Pharmacy group Clicks will be paying a dividend in its year to end-August, having seen shifts in consumer behaviour during the Covid-19 lockdown, when many of its businesses operated as an essential service.

The group has seen double-digit earnings growth so far in its financial year, with fewer customers visiting its stores during the Covid-19 lockdown, but an increase in basket size.

Clicks said in a trading update it saw “significant” growth in online sales.

Group turnover increased by 10% to R32.3bn in the 49 weeks to August 9, Clicks said. Diluted headline earnings per share (HEPS) for the year to end-August is expected to rise by between 10% and 15% from the prior period’s 663.6c — which has been restated due to accounting changes.
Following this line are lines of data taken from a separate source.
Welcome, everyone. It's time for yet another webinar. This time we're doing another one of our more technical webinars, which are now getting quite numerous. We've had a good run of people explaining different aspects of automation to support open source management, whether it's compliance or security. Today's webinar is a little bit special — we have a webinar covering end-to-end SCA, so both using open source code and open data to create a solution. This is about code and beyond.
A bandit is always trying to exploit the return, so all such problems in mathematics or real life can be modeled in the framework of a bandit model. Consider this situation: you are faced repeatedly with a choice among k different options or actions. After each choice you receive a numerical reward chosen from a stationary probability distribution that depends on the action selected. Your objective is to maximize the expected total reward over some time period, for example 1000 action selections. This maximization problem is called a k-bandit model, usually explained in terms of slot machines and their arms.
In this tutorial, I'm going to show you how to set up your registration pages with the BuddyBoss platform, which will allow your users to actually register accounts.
The group had previously reported diluted Heps of 672.2c for its 2019 financial year.

The group said its medicine distribution unit, United Pharmaceutical Distributors (UPD), fared well in 2020, increasing turnover 11.7%, having benefited from gaining new private hospital and buying group contracts.
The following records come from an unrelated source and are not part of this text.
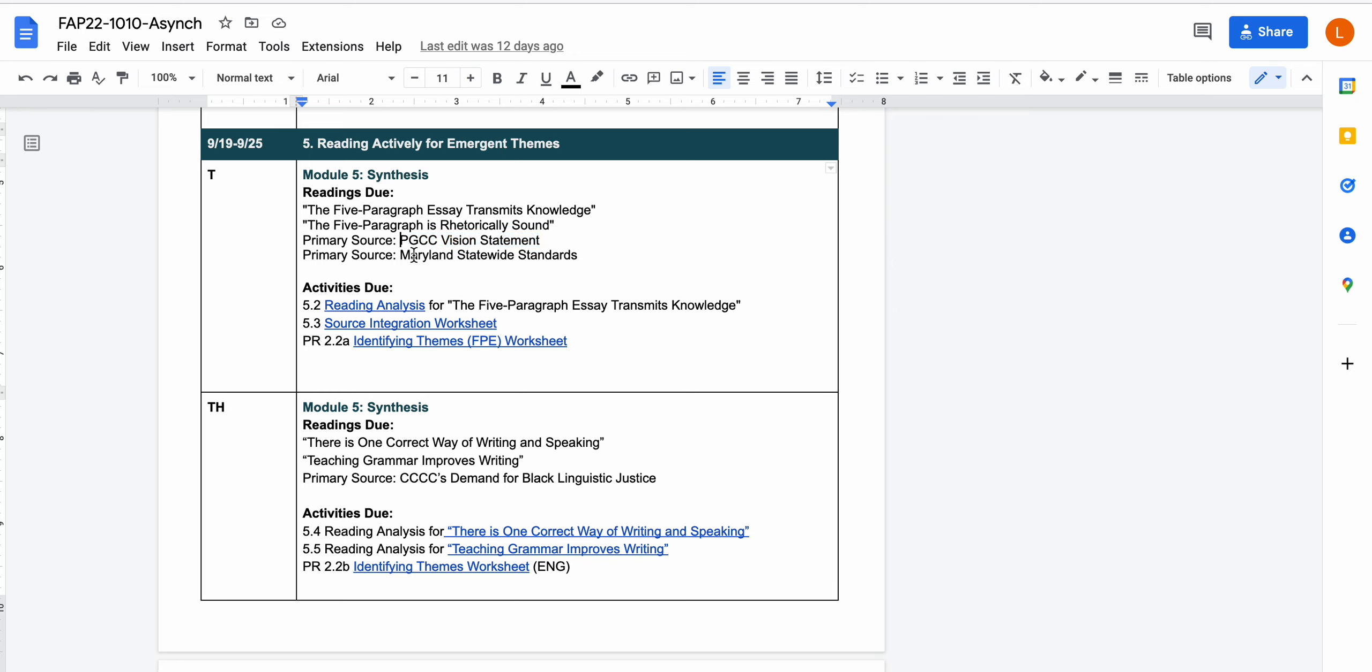And then the next thing is the Maryland statewide standards. This document was created by a consortium of schools in Maryland, basically both two-year and four-year colleges have representatives who get together and what they do is they agree upon what a first year composition course should do in the state of Maryland. And then as long as the individual colleges and universities are meeting those requirements, their courses are transferable. And this is the thing that allows our course here at Prince George's to transfer to UMD, to Bowie State, to any of the other schools in Maryland.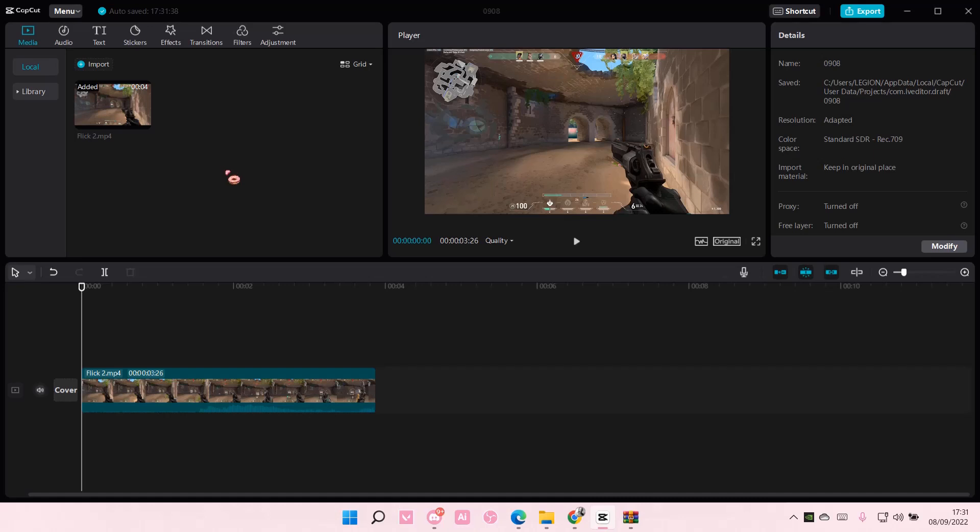Hey guys, and welcome back to this channel. In this video, I'll be showing you guys how you can use LUTs on CapCut, like how you can color grade with it.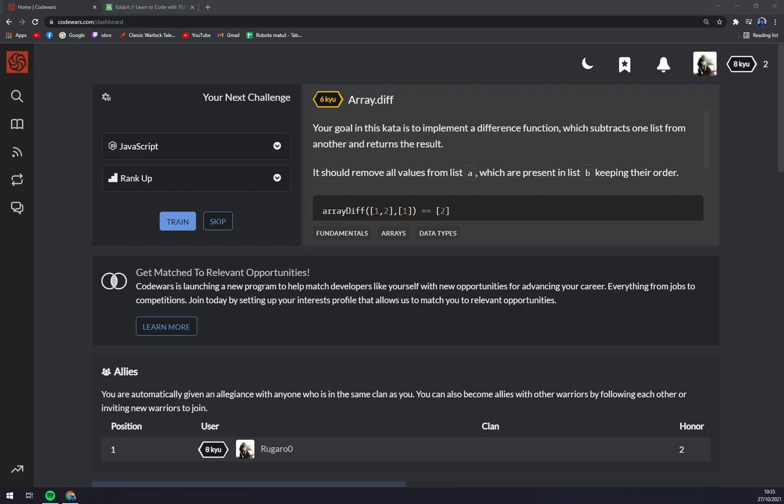Hello guys, my name is Matthew and in today's video I'm going to show you two websites where you can test your coding skills. First one is Code Wars and the second one is Edabit.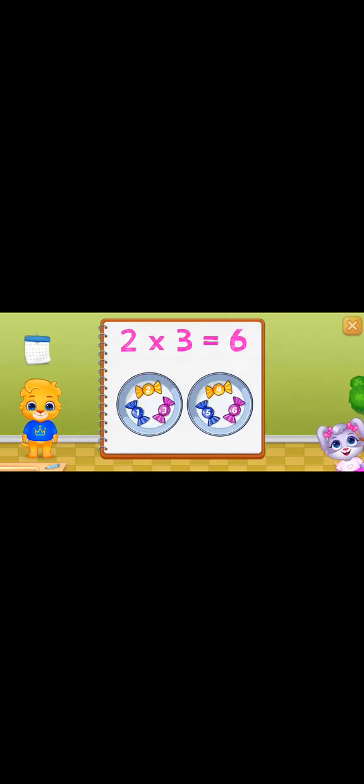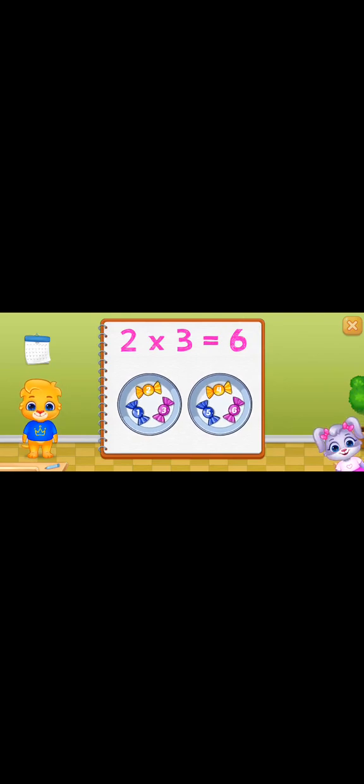One, two, three, four, five, six. Six. When you multiply, you are adding numbers in groups. Two times three equals six.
Pharmacy sales took a hit from fewer South African catching a cold or getting flu.

“The incidence of colds and flu has been limited as South Africans are wearing face masks during the pandemic, social interaction has been limited, schooling restricted and large numbers of people are working from home,” the statement read.

Clicks said it would declare a full-year dividend, within 60%-65% payout ratio. The policy ratio is for Heps, not diluted Heps, which refers to accounting for any securities that could be converted into shares.

In morning trade on Wednesday, Clicks’s share price was up 2.37% to R234, having fallen 8.82% so far in 2020.